TWE No. 25 // Happiness is a journey and not a destination
'Happiness is a journey and not a destination' - there is so much truth in this. No one is happy all the time and let's face it, quite often being happy also takes some effort and time. I am happy when I get up in the morning and the sun is shining or when I go to bed after I had a wonderful day. I also think that it often are the little things in life that bring you lots of joy and happiness and when you are able to enjoy and appreciate the little things in life, you are a much happier person in general. So ask yourself what brings you happiness and try to include everything that makes you happy in your daily life.
I am happy whenever I can create something or do something creative; designing, writing, cooking, baking, crafting...so basically everything where I create something and have a visual result in the end makes me happy. Does it work for you as well?
I realised that happiness is a journey because like I told you before, the majority of my life I was quite the opposite of happy - I was depressed but things got much better once I found joy in the little things again and focused on setting new goals. That certainly helped a lot. So now I can say that most of the days I am pretty happy but of course I also go through bad days - but that is okay and it is normal.
But I think it is important to be aware of the fact that happiness is not a goal you just just aim for and instead see it as what it really is, a journey. Of course having goals that make you happy is a major thing but the journey itself to get there is what is causing happiness.
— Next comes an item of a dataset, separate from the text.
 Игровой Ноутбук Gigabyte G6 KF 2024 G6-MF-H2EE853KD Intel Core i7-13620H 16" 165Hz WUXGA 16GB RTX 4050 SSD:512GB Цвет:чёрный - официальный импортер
Figuring your own happiness out along the way, getting to know yourself better and seeing what actually brings you happiness and what does not. I am much happier ever since I got back into design because design is something that had always been on my mind and I felt like I neglected something my heart is aching for while not being in design. I still clearly remember in high school how interested I was in graphic design and photography, interior design and architecture, how much I was fascinated by the art rooms in high school with all the art and crafting supplies, but how my inner critic and my lack of self-esteem and believing in myself held me back from getting into those fields I just mentioned above. Instead I took the safe route of doing an apprenticeship with languages and business administration. And also while doing that, I was always longing for doing something creative. So whenever I started studying at university I somehow ended up studying media design which finally led me into the right direction. But at that time I was also not really feeling happy. I think my journey to happiness truly started when I moved to Spain and there decided to become a freelancer in the near future. But at that time whenever I already made that decision, I still did not dare to get back into design. Instead I wanted to attend a photojournalism program and then head into that direction - probably because I high school I was also toying around with becoming a journalist and while studying media design I was always very interested in documentary filmmaking and documentary photography - but in the end I let go of everything journalism related because I realised that this is also not for me. So my journey to happiness finally brought me back to design! After all those years, how crazy is that?!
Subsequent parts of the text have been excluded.